TASK INSTRUCTIONS: With the pictures omitted, print exactly the lines below, from the one containing "Stilvolle Braune Eckschränke" through the one containing "LOGO Lori Goldstein", and nothing else.

EXERCISE DATA:
====

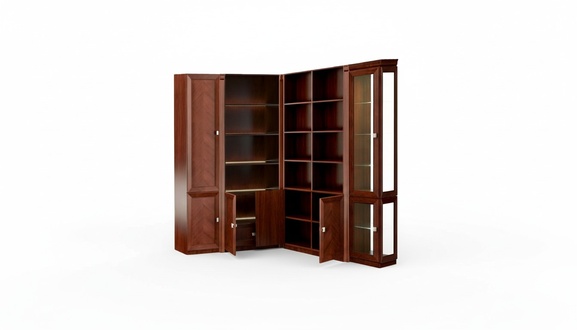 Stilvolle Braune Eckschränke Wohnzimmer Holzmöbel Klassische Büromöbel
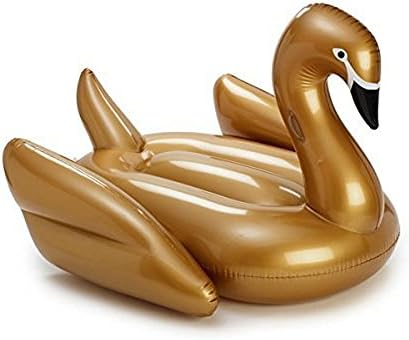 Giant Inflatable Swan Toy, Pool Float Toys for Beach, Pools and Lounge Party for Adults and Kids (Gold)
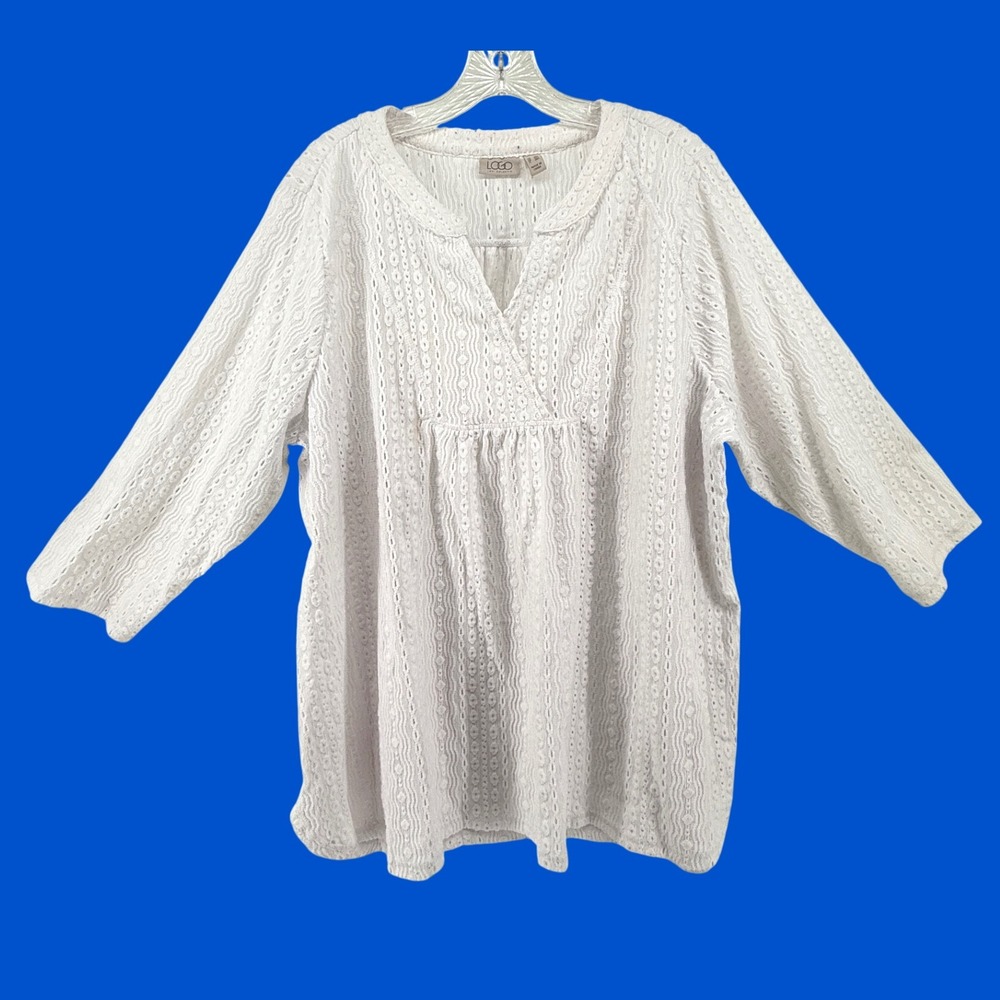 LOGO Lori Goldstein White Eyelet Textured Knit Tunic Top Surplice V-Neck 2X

====

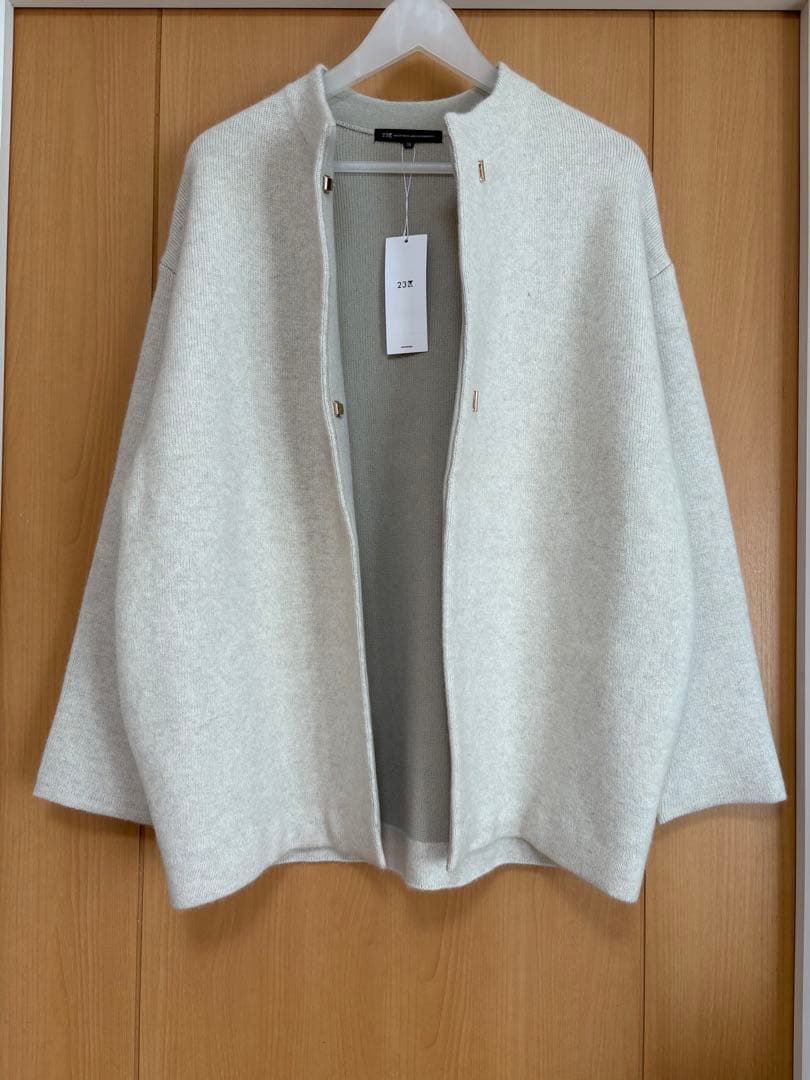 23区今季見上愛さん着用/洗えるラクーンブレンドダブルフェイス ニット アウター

====

COMPLETED TASK:
 Stilvolle Braune Eckschränke Wohnzimmer Holzmöbel Klassische Büromöbel
 Giant Inflatable Swan Toy, Pool Float Toys for Beach, Pools and Lounge Party for Adults and Kids (Gold)
 LOGO Lori Goldstein White Eyelet Textured Knit Tunic Top Surplice V-Neck 2X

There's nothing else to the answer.